Australia ranks stone motherless last in one of the most critical measures listed in the Innovation and Science Australia report on how this country fares in creating wealth from brainpower.
The 200+ page Innovation and Science Australia Performance Review of the Australian Innovation, Science and Research System seeks to set a benchmark base for Australia’s innovation performance as we reported earlier this week.
Essentially, the report says Australia is OK at doing worthwhile research and poor at translating that research into real world results.
The dire consequences of this discrepancy are revealed in the report’s headline chart, the Performance Scorecard for the Australian Innovation, Science Research System.
The chart lists the three crucial ISR metrics area: knowledge creation, knowledge transfer and knowledge application.
Australia does reasonably well at knowledge creation when stacked up with our OECD peers. We are middle ranked at 15th of 37 OECD nations on gross expenditure of R&D as a percentage of GDP, and rank third of 36 when it comes to government and higher education researchers per thousand of our total employment.
The bad news arrives in the knowledge transfer and knowledge application arenas where we are 18th of 37 in the percentage of higher education expenditure on R&D financed by industry and a dismal 27th of 38 on the proportion of publications with industry affiliated co-authors.
In knowledge application we are 18th of 30 in VC investment as a percentage of GDP and 21st of 36 with business researchers per thousand employed in industry.
Still, there was one shiny metric in the knowledge application category that bodes well for the future. Australia was eighth of 38 nations in the total percentage of early stage entrepreneurship activity.
The whole scenario of good research and terrible application gets scary in the outcomes section of the report, especially when you begin to wonder why a country as well-endowed as Australia with brains money and stability has produced no Apples, Amazons, Googles or Microsofts.
Our high-growth enterprise rate measured by employment is a pathetic last place. We are 27th out of 27 OECD countries. Dead last.
The report defines high-growth firms as having an average annualised growth of over 20 per cent a year over a three-year period, and having 10 or more employees at the beginning of the observation period.
Our performance in the outputs column of the ISA report is also dire where we rate 23rd out of 31 OECD countries in the percentage of firms that introduced new or significantly improved goods or services to market.
In summarising how well our ISR system works the report’s authors were less than impressed with Australian business and its innovation readiness.
“The vast majority of innovation introduced by Australian businesses has a low degree of novelty and relies upon the adoption and adaptation of existing technology and knowledge (i.e. following best practices). This suggests that the ISR System is failing to capitalise on its above average performance in knowledge creation.’
On our dismal high growth enterprise ranking the report stated the obvious: “Australia needs to increase the number of high growth firms that will create future jobs, strong productivity growth and, through innovation, higher wages.”

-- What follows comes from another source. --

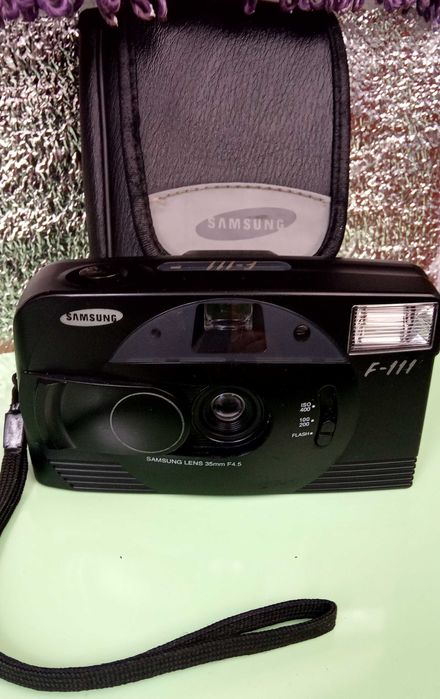 пленочный фотоаппарат Samsung F-111.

Observers of Australia’s ISR system were less diplomatic.
“The output stat for high growth enterprise tells the really sad story,” says innovation sector commentator and consultant Sandy Plunkett.
“For a modern, highly educated nation – as Australia likes to see itself – being 27th of 27 is a shocker. We are clearly not applying the strengths we have in other areas such as research to scaling globally relevant 21st century companies,” she said.
“We may be getting somewhat better at starting them. But that’s the easy part. The real risk and complexity comes with scale.”
Ms Plunkett believes Australia needs an injection of overseas talent with experience in managing high-growth digital enterprises.
“We talk about skills shortages such as STEM in Australia, as does this report. But I would argue that one of the biggest skills barriers here in quantity and quality is digitally savvy management capability.”
“We value finance, legal and governance adept managerial talent far more than digital skills across the board. This leadership mindset is so 80’s.”
Veteran science writer Leigh Dayton is in the midst of a PhD dissertation dealing with Australia’s inability to commercialise research and says the report’s findings are unsurprising.
“Our whole (ISR) system is based on weak sand. Our industry is notoriously risk averse and doesn’t want to invest. We have a few big players who tend to want to do their innovation overseas and then a lot of small to mid-sized organisations that often don’t have the money.”
Ms Dayton points to problems with a political system that constantly chops and changes innovation policy (as well as its relevant ministers.)
“Also there are two cultures. There’s the culture of research and there’s the culture of industry,” she said.
“Neither sector wants to interact with the other, they don’t agree with the other’s metrics or performance they don’t like working with one another they are not familiar with one another.”
“The research, the industrial and the political systems are poorly linked with one another,” she says.